Every card reading I have done since Christmas has had the card that indicates a move to a new home or place of work. So I'm thinking I may be moving again come the end of July. If that's the case, I'm really hoping to move to Taira! Everything is in Taira! Shopping malls, movie theatres, restaurants, the library, the B.O.E., my Japanese Teacher... It would be so convenient! I would only have to take a train if I want to visit a friend somewhere else! I'm fine with staying in Yotsukura too because I really love 2 of my schools and I like the other 2 just fine as well. If I move then I will probably be changing schools again and I'm not sure how I feel about that.
I've also had the card telling me to admit my true feelings to myself. Now that threw me for a loop because I have no idea what I am feeling in regards to anything.
Dietary Change has also come up quite frequently and I am stumped with how to acomplish that. I eat vegetables and fruit every day. I eat what is available (onions, garlic, green beans, bell peppers, brocoli, carrots and daikon radish). I eat mostly rice, but sometimes potatos. and I often eat chicken, steak or hamburger (beef). lunch is whatever is provided by the school (which is crap since the earthquake and tsunami destroyed half of the lunch centres in the area) and an apple and crunchy peanut butter I bring from home. breakfast is bran and fruit cereals with toast and a banana. I also take vitamins to supliment my meals.
I'm really not sure what else to do.
In the very last reading I did, just yesterday, I received the messages that there is a smoother road ahead with peace and tranquility and that I am protected from all types of harm as well as the worst is now behind me and it's ok to feel safe and relax.

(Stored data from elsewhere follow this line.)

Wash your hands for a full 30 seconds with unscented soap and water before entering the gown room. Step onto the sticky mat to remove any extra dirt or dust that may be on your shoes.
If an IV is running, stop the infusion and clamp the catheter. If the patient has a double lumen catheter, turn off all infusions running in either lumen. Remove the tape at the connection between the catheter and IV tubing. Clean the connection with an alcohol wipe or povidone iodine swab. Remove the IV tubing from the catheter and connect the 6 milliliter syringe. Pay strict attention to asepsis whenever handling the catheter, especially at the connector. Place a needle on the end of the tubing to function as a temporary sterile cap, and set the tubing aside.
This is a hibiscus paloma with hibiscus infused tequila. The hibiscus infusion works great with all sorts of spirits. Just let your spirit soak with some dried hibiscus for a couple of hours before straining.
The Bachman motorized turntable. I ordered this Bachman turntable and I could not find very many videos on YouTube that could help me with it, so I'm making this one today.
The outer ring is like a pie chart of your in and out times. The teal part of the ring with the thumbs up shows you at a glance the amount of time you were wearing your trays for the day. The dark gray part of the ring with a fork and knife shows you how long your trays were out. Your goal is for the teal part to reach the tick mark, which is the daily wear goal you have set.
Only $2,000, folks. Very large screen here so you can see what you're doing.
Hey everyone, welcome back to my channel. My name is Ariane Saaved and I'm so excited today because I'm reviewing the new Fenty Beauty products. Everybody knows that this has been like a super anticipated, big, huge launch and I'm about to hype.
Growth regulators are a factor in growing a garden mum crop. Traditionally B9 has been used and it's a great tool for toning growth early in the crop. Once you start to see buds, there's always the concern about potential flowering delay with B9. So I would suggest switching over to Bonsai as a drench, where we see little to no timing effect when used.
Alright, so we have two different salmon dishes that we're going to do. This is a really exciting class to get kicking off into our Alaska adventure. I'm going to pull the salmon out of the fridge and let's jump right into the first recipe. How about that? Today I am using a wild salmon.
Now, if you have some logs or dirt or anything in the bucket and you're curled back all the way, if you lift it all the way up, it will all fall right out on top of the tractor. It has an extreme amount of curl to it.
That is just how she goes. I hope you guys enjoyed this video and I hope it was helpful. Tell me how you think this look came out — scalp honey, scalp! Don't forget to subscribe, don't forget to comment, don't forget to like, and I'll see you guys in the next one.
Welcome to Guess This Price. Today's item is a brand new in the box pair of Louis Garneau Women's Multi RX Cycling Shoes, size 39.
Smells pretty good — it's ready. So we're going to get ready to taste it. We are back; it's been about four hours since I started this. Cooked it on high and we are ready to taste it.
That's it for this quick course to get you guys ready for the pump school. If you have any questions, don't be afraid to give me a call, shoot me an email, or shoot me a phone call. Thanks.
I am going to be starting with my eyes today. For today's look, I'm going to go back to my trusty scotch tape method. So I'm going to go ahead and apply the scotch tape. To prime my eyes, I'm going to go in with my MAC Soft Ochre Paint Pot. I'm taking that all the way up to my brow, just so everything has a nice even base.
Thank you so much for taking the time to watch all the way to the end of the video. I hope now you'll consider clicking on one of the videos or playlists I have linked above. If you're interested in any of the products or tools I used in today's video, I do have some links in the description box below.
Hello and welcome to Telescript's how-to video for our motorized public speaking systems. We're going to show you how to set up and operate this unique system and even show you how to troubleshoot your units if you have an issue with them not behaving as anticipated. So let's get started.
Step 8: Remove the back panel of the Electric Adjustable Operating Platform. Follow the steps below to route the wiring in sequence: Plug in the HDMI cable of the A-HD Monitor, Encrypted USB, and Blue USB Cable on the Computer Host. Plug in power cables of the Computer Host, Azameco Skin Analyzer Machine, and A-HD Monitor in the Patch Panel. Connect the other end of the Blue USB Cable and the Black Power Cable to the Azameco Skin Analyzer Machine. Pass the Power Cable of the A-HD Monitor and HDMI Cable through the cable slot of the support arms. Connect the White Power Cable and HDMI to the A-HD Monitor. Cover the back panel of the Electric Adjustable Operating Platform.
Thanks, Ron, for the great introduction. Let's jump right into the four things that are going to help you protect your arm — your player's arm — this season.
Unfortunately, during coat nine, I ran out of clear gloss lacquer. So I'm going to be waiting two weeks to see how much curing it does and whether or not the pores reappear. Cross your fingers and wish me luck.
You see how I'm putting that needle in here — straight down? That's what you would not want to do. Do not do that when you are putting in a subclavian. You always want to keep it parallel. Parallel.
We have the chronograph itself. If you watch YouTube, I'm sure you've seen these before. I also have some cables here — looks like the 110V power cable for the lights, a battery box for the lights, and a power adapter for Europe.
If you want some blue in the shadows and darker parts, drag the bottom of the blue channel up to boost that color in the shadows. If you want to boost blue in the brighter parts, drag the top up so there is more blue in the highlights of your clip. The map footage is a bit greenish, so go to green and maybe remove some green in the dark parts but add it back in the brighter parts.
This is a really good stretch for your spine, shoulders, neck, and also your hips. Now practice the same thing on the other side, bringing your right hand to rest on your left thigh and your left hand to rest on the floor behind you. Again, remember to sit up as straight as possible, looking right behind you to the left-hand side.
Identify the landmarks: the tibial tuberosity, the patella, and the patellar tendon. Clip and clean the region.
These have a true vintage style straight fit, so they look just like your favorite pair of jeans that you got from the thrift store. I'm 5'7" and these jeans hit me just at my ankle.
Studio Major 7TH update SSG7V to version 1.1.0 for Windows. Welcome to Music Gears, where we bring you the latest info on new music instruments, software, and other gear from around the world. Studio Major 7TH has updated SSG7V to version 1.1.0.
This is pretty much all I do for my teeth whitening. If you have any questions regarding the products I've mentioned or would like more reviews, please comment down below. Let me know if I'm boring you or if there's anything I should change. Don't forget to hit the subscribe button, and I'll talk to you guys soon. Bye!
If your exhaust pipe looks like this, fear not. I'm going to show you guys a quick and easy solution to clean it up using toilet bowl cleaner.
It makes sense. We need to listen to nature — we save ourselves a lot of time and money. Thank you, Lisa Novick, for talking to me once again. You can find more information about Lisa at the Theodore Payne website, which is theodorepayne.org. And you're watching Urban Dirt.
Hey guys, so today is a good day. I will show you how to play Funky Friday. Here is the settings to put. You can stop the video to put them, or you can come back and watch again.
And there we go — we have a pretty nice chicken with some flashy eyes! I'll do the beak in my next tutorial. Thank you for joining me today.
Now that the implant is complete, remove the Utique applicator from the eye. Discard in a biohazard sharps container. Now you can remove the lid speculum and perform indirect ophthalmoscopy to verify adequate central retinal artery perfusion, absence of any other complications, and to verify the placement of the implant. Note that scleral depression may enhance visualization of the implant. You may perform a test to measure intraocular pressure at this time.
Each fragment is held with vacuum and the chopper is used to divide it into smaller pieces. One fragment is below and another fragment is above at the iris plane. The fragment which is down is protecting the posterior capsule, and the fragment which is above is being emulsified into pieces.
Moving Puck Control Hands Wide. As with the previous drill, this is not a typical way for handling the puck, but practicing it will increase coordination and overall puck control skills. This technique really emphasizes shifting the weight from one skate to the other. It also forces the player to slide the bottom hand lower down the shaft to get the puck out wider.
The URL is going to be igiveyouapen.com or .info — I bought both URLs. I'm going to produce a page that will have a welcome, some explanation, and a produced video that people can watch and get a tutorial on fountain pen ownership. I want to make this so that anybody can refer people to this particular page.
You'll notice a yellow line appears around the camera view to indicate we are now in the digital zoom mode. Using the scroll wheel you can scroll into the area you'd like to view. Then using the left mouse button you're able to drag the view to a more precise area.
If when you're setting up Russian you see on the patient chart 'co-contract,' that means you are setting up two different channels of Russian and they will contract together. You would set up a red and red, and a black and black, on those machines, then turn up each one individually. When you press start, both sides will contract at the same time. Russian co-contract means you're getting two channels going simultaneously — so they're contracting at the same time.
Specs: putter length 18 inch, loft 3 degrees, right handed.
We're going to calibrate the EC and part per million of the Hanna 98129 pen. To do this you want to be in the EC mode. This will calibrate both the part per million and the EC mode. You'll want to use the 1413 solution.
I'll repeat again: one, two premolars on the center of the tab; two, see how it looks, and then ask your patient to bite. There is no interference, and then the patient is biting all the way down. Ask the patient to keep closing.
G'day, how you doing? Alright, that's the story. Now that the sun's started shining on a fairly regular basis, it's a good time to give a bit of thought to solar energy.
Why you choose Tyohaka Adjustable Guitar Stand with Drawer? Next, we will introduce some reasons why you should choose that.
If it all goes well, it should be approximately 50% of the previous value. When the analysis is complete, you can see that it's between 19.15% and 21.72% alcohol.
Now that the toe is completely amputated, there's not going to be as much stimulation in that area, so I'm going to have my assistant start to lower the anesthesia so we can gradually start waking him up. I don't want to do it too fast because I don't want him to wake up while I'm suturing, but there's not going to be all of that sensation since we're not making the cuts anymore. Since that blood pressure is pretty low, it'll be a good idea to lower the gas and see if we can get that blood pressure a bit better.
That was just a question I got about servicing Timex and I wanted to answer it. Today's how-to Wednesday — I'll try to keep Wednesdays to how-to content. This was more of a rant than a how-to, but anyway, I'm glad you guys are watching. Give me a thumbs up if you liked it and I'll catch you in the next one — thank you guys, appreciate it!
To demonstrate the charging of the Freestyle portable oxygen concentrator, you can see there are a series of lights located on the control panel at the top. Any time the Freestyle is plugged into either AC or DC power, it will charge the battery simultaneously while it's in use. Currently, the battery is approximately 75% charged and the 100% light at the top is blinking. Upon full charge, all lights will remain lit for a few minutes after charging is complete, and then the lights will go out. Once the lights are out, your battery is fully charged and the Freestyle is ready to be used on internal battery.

It seems like as much as I want to relax and feel safe, I am not sure how to do it. I've been on edge for a year constantly waiting for the next earthquake and we had 2 just 4 days ago. I don't even realize that I'm stressed until the tension breaks. Usually I don't even think about it. Then out of the blue I'll get this feeling like we're going to have a quake and about 80 percent of the time, we do. The other 20 percent of the time I sit tense all evening waiting for something that doesn't happen..or maybe did happen but was so small or far away that I didn't notice it.
And yet, despite all the crap and not so nice stuff of the last year, I really can't see myself being anywhere else. This is where I want to be, so shouldn't I just suck it up and get on with life? Not that I complain 24/7 or even feel stressed all the time. I don't even know what I feel and maybe that is part of the problem.
On a completely different note, I asked my friends on fb if one or two of them would send me some chocolate. I got six offers. So I'm quite happy with that. The first package came yesterday. Instead of the small (1 or 2 little packs of easter eggs etc.) that I was expecting, I got 3 kg of cadburry mini eggs and mini easter eggs! 3KG!!! as far as I know I still have another 4 or 5 packages coming from different people. I will definitely be sharing!
Thank you for the chocolate! You know who you are! wow.